━━━━━ LISTED ENTRIES ━━━━━

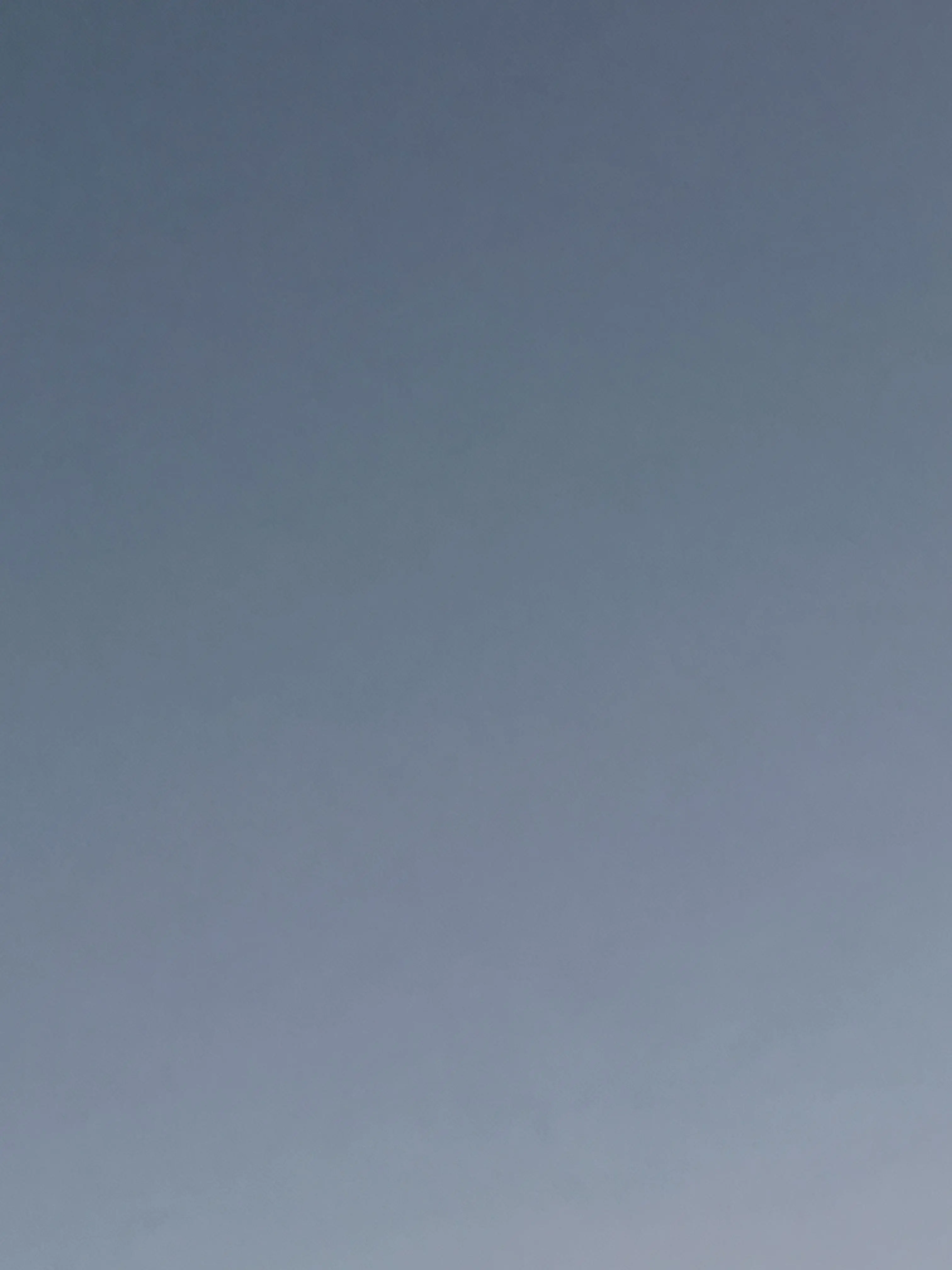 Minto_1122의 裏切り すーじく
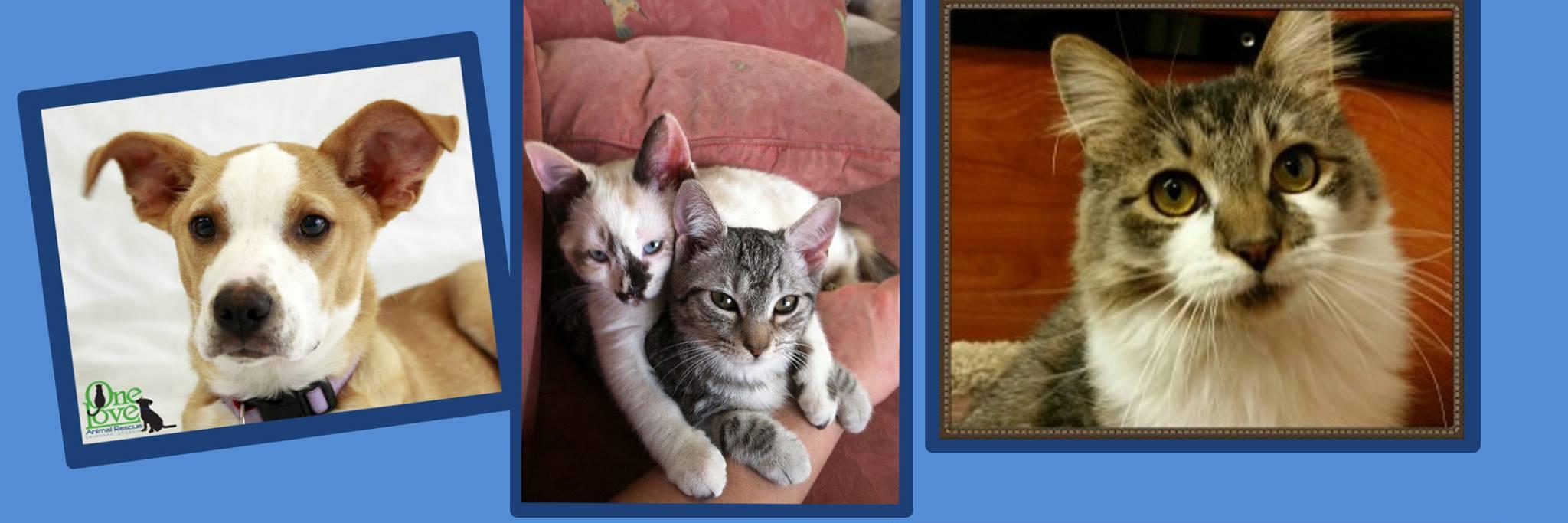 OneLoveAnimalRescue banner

━━━━━
━━━━━ LISTED ENTRIES ━━━━━

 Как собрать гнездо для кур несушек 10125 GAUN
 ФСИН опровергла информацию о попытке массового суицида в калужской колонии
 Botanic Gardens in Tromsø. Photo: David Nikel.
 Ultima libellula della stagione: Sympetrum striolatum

━━━━━

• _PROBLEM_
Set down again, exactly, every line above from the one with "Minto_1122의 裏切り すーじく" down to the one with "OneLoveAnimalRescue banner", both ends included. No pictures, and nothing else.

• _EXERCISE RESPONSE_
 Minto_1122의 裏切り すーじく
 OneLoveAnimalRescue banner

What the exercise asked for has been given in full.